◆ WORK TO BE COMPLETED:
Return the listing exactly. Keep no pictures.

(INFORMATION SUPPLIED)

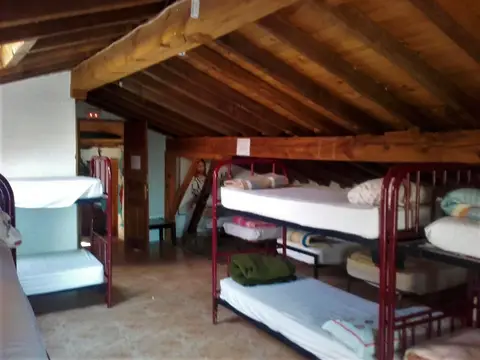 otro de los dormitorios de literas del albergue, con el techo de vigas
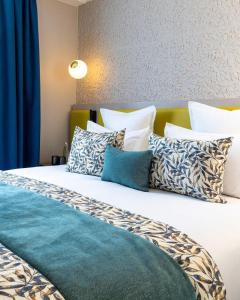 Postel nebo postele na pokoji v ubytování Hotel Grand Villa Suite Near IGI Airport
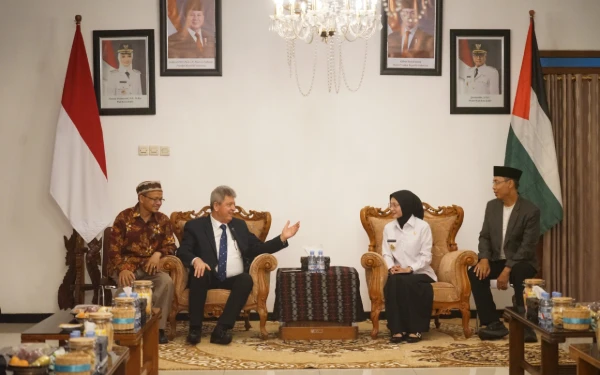 Thumbnail Berita - Mbak Wali Kota Kediri Sambut Dubes Palestina, Tekankan Moderasi Beragama dan Perdamaian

(End INFORMATION SUPPLIED)

◆ YOUR RESPONSE:
 otro de los dormitorios de literas del albergue, con el techo de vigas
 Postel nebo postele na pokoji v ubytování Hotel Grand Villa Suite Near IGI Airport
 Thumbnail Berita - Mbak Wali Kota Kediri Sambut Dubes Palestina, Tekankan Moderasi Beragama dan Perdamaian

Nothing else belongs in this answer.